Dark of the West
Series: Glass Alliance #1
Genre: Historical, YA
Publication date: February 5th, 2019
by Tor Teen
He was raised in revolution. She was raised in a palace. Can their love stop a war? Code Name Verity meets The Winner's Cursein Joanna Hathaway's Dark of the West, a breathtaking YA fantasy debut.
Aurelia Isendare is a princess of a small kingdom in the North, raised in privilege but shielded from politics as her brother prepares to step up to the throne. Halfway around the world, Athan Dakar, the youngest son of a ruthless general, is a fighter pilot longing for a life away from the front lines. When Athan’s mother is shot and killed, his father is convinced it’s the work of his old rival, the Queen of Etania—Aurelia’s mother. Determined to avenge his wife’s murder, he devises a plot to overthrow the Queen, a plot which sends Athan undercover to Etania to gain intel from her children.
Athan’s mission becomes complicated when he finds himself falling for the girl he’s been tasked with spying upon. Aurelia feels the same attraction, all the while desperately seeking to stop the war threatening to break between the Southern territory and the old Northern kingdoms that control it—a war in which Athan’s father is determined to play a role. As diplomatic ties manage to just barely hold, the two teens struggle to remain loyal to their families and each other as they learn that war is not as black and white as they’ve been raised to believe.
-A copy was provided by Tor Teen for review-
I think it was the comp to The Winner’s Curse that drew me to Dark of the West (which is funny because I still haven’t read that series) but I dove into this book with not many expectations. The only one I remember having was that Dark of the West was a fantasy but it became abundantly clear very early on that it was not. The main reason I bring this up is because it very much felt like false advertising. There are no fantastical elements to this book. In fact, calling it a historical novel would be way more accurate since it seems to draw inspiration from the World Wars of the early 20th century. A lot of the technology we have exists in this world too: planes, cars, guns, etc.
False advertising aside, Dark of the West is a good book. As someone who has been struggling with fantasy lately, the fact the book wasn’t a fantasy novel actually made it a lot easier for me to get into and enjoy. It is very character driven which made it a slow read but I liked getting to know the characters.

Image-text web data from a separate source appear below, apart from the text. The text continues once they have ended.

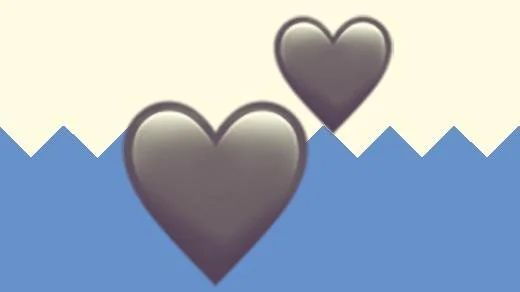 A duotoned dark purple and beige version of the Apple two hearts emoji, in front of a blue zig zag shape across the bottom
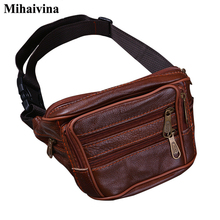 Mihaivina Fashion Leather Waist Packs Men's Multifunction Travel Bags Funny Chest Pack Male Pack Belt Hiqh Quality Men Waist Bag 2024 - buy cheap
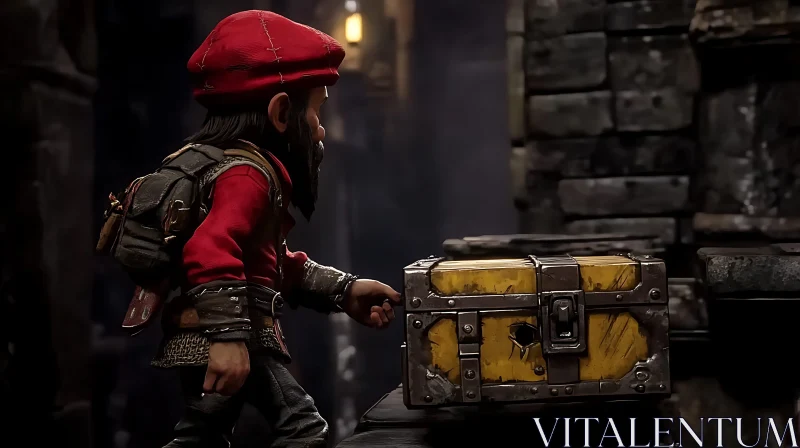 Fantasy Dwarf with Treasure Chest AI Image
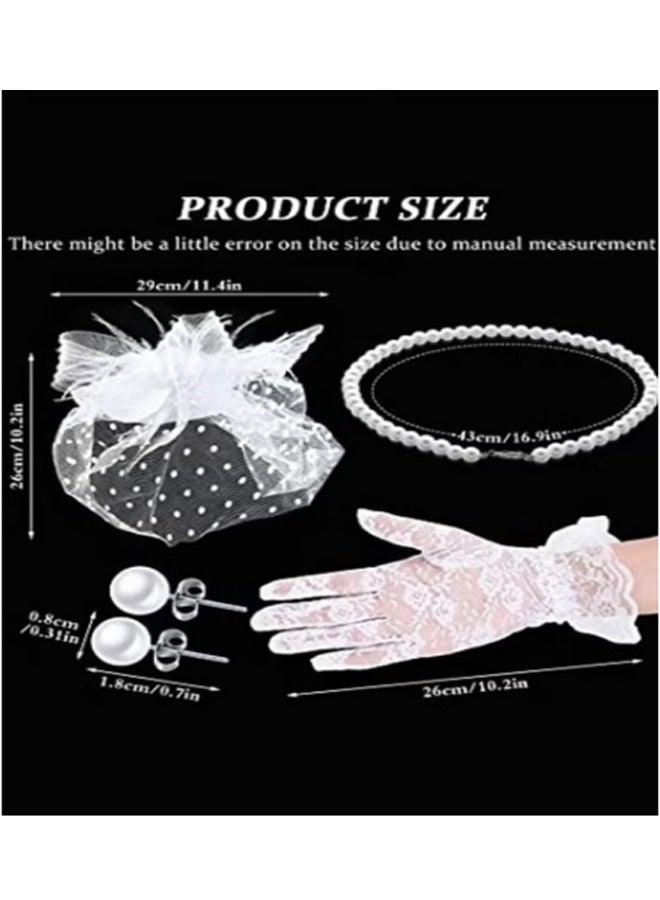 4 قطع Fascinators قبعة حجاب شبكة الرأس وقفازات الدانتيل القصيرة للمرأة ، حفل الزفاف - Image 3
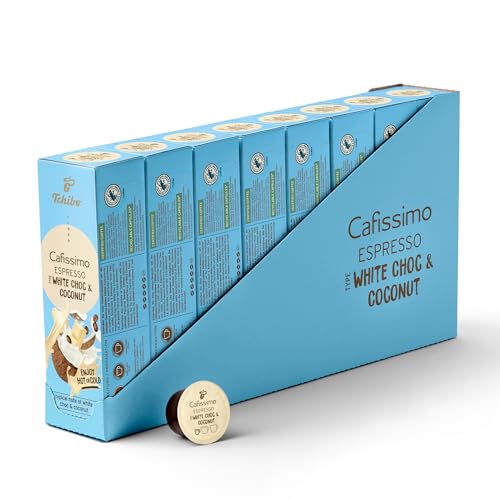 Tchibo Cafissimo Espresso White Choc & Coconut Kaffeekapseln, 80 Stück - 8x 10 Kapseln (Espresso, aromatisch mit weißer Schokolade & Kokosnuss-Geschmack), nachhaltig & fair gehandelt, Limited Edition von Tchibo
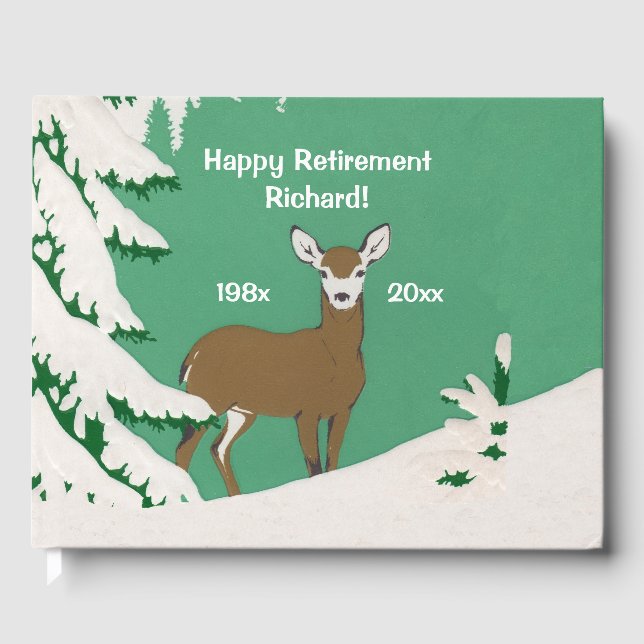 Livro De Visitas Rosto branco de veado castanho na árvore do pinhei (Frente)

Aurelia and Athan come from vastly different worlds and much of the book is not about their romance. It accentuates the differences in their worlds. From their families, siblings, political systems and even beliefs (at least early on.) To be clear, this isn’t really an opposites attract situation because while they are different, they have their similarities. For example, they are both incredibly loyal and passionate. I love that the book spends so much highlighting their worlds aside from one another because it definitely makes their romance feel all the more real.
The fact that the book plays up on these differences is also especially helpful because it adds to our understanding of the war that is brewing. That being said, because the book focuses so much on those things, we also get no context for what the fuck the war is actually about besides everyone lying their ass off. We hear about the Nahir rebels on several occasions and yet I could not find any one instance in the novel that states what it is they want aside from vague mentions of freedom. Freedom from what????? I did actually do a proper search too and came up with nothing.
Moreover, Dark of the West feels more like one incredibly long prologue with the actually prologue having more tension than most of the book. This is partly why to me, Dark of the West is merely a good book rather than a great one because its entire purpose seems to be laying the foundation for a sequel. There is stuff happening but most of the action we get happens in the last 15% of the novel with the other 85% being spend building characters and the world (sort of since we still don’t know anything about the war.)
If laying the foundation for all the goodness of the sequel was truly the author’s intention than she has been very successful because I am extremely excited to read the sequel. ESPECIALLY BECAUSE that intense prologue seems to be a snippet from a sequel.
Basically, I think this book is not so much exciting on its own as it is within the context of what could happen in the future. So you should read Dark of the West, but you should read it because it’s the only way we’ll all get to read what I can imagine will be a phenomenal sequel.